Ospitaltà ed amore per la terra. Il secondo é quello del nostro guidatore, che accosta sulla strada in un villaggio qualsiasi, a mostrarci una pianta che restituisce un frutto dalla forma curiosa e dal sapore dolcissimo. Una prelibatezza che é quasi una rarità, tanto sono ristretti il tempo e la regione in cui cresce. L'ospitalità é quella di una famiglia di piccoli agricoltori, le cui donne prima ci guardano incuriositi, e poi ci offrono una manciata di questi frutti raccolti. Accettare la loro ospitalità é un onore che quasi mi neutralizza per la sua genuinità, varcare la soglia della loro casa ed entrare nel loro mondo é un contatto semplice e profondo che mi viene concesso. Attraverso gli animali, le piante, i frutti, le fasce di rami raccolti trasportati sulla schiena lungo la via da chissà quali campi oltre il villaggio verso casa, tutto confinato dietro un muretto eretto artigianalmente, che dalla macchina non era altro che il ciglio della strada.

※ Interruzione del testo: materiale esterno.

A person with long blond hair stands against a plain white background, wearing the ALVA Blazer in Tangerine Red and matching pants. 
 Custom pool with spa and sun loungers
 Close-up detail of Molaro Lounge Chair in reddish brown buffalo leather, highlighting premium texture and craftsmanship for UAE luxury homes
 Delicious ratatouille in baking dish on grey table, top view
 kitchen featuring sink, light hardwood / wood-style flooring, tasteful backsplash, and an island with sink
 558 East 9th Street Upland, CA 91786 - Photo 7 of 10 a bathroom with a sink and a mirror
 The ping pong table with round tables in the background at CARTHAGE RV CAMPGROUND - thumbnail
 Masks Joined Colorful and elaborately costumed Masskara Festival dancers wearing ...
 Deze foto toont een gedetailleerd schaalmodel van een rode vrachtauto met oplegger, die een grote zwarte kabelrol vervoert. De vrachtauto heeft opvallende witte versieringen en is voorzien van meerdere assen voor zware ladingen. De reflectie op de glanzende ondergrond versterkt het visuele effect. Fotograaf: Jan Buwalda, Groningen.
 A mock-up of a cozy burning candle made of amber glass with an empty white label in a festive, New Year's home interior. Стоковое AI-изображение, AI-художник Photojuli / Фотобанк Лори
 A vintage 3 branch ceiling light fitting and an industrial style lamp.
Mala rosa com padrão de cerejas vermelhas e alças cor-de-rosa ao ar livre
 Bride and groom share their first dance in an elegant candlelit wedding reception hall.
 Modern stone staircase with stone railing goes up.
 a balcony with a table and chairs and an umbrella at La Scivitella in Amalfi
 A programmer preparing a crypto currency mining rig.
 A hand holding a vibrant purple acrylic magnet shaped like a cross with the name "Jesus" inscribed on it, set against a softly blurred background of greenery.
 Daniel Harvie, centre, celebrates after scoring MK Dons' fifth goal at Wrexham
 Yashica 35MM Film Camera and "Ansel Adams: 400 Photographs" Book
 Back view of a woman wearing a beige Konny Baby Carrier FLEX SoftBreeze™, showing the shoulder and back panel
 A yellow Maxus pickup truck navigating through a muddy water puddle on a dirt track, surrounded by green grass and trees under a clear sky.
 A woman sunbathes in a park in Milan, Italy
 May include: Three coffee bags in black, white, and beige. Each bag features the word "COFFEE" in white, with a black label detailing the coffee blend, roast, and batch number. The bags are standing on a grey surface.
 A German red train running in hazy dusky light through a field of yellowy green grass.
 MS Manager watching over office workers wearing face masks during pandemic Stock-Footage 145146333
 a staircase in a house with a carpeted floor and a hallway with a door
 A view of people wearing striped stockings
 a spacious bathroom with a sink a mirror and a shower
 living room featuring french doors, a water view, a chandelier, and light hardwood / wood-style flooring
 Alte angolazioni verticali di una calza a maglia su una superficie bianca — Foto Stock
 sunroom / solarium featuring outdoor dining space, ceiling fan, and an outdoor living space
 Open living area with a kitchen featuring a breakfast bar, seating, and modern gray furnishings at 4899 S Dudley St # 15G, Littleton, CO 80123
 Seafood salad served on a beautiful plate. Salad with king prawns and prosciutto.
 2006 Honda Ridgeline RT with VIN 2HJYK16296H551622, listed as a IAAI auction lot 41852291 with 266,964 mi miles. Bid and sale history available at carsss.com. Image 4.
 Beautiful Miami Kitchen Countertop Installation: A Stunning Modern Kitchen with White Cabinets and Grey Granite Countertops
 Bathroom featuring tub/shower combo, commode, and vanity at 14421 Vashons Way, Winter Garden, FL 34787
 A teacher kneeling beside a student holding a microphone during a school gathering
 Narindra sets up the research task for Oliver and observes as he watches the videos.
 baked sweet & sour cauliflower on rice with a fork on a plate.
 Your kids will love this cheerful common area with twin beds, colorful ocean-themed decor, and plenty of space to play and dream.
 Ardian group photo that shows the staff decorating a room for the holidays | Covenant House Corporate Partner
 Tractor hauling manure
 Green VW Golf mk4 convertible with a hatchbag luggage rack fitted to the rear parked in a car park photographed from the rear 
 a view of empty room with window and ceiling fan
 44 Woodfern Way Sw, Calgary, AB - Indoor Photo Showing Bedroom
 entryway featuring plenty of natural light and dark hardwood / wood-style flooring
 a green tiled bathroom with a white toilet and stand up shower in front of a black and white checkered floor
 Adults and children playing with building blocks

Udaipur é in un certo senso un altro punto di riposo. Un po' perché adagiata su un lago la parte vecchia quasi mi riporta ad una dimensione più umana, un po' perché forse mi concedo il tempo di un respiro, o perché il modo in cui vi arrivo é quasi un approdo. O forse sarà pure per un luogo che porta il nome del Piccolo Principe. Raramente, in questi giorni, ho questa sensazione di respiro. L'acqua ha sempre questo effetto, in qualche modo, di calmare le emozioni. Saranno i riflessi, il moto leggero e continuo, il rumore dell'acqua. So che vorrei fermarmi di più. Ad osservare macchie di colore variare in continuazione sulla superficie del lago, osservare un passo di danza, o guardare in lontananza, isole in controluce e profili sfumati di montagne in lontananza. E magari, perché no, aspettare nuovamente il tramonto, quando a riva qualche uomo si immerge e delle donne giungono coi bambini a lavare i panni, mentre sull'acqua famiglie di pescatori si spingono un po' più in là e gettano magre le loro reti.